Re: [PATCH v5 5/9] x86/nmi: Add support to handle NMIs with source information
From: Peter Zijlstra
Date: Thu May 08 2025 - 08:16:19 EST
On Wed, May 07, 2025 at 02:48:34PM -0700, Sohil Mehta wrote:
> On 5/7/2025 2:14 AM, Peter Zijlstra wrote:
> > On Tue, May 06, 2025 at 06:21:41PM -0700, Sohil Mehta wrote:
> >>
> >> diff --git a/arch/x86/kernel/nmi.c b/arch/x86/kernel/nmi.c
> >> index a1d672dcb6f0..183e3e717326 100644
> >> --- a/arch/x86/kernel/nmi.c
> >> +++ b/arch/x86/kernel/nmi.c
> >
> >> static int nmi_handle(unsigned int type, struct pt_regs *regs)
> >> {
> >> struct nmi_desc *desc = nmi_to_desc(type);
> >> + unsigned long source_bitmap = 0;
> >
> > unsigned long source = ~0UL;
> >
>
> Thanks! This makes the logic even simpler by getting rid of
> match_nmi_source(). A minor change described further down.
>
> Also, do you prefer "source" over "source_bitmap"? I had it as such to
> avoid confusion between source_vector and source_bitmap.
Yeah, I was lazy typing.
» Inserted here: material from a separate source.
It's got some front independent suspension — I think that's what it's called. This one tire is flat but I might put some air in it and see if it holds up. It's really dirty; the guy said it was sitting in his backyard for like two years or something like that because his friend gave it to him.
Perhaps just call it bitmap then?
> >> nmi_handler_t ehandler;
> >> struct nmiaction *a;
> >> int handled=0;
> >> @@ -148,16 +164,40 @@ static int nmi_handle(unsigned int type, struct pt_regs *regs)
> >>
> >> rcu_read_lock();
> >>
> >> + /*
> >> + * Activate NMI source-based filtering only for Local NMIs.
> >> + *
> >> + * Platform NMI types (such as SERR and IOCHK) have only one
> >> + * handler registered per type, so there is no need to
> >> + * disambiguate between multiple handlers.
> >> + *
> >> + * Also, if a platform source ends up setting bit 2 in the
> >> + * source bitmap, the local NMI handlers would be skipped since
> >> + * none of them use this reserved vector.
> >> + *
> >> + * For Unknown NMIs, avoid using the source bitmap to ensure all
> >> + * potential handlers have a chance to claim responsibility.
> >> + */
> >> + if (cpu_feature_enabled(X86_FEATURE_NMI_SOURCE) && type == NMI_LOCAL)
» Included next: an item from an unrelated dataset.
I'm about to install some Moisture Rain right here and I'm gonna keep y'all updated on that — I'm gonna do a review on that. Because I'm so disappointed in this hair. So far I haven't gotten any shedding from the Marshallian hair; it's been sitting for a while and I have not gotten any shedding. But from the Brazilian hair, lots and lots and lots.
> >> + source_bitmap = fred_event_data(regs);
> >
> > if (cpu_feature_enabled(X86_FEATURE_NMI_SOURCE) && type == NMI_LOCAL) {
> > source = fred_event_data(regs);
> > if (source & BIT(0))
> > source = ~0UL;
> > }
> >
>
> Looks good, except when fred_event_data() returns 0. I don't expect it
> to happen in practice. But, maybe with new hardware and eventually
> different hypervisors being involved, it is a possibility.
>
> We can either call it a bug that an NMI happened without source
> information. Or be extra nice and do this:
>
> if (cpu_feature_enabled(X86_FEATURE_NMI_SOURCE) && type == NMI_LOCAL) {
> source = fred_event_data(regs);
> if (!source || (source & BIT(0)))
> source = ~0UL;
> }
Perhaps also WARN about the !source case?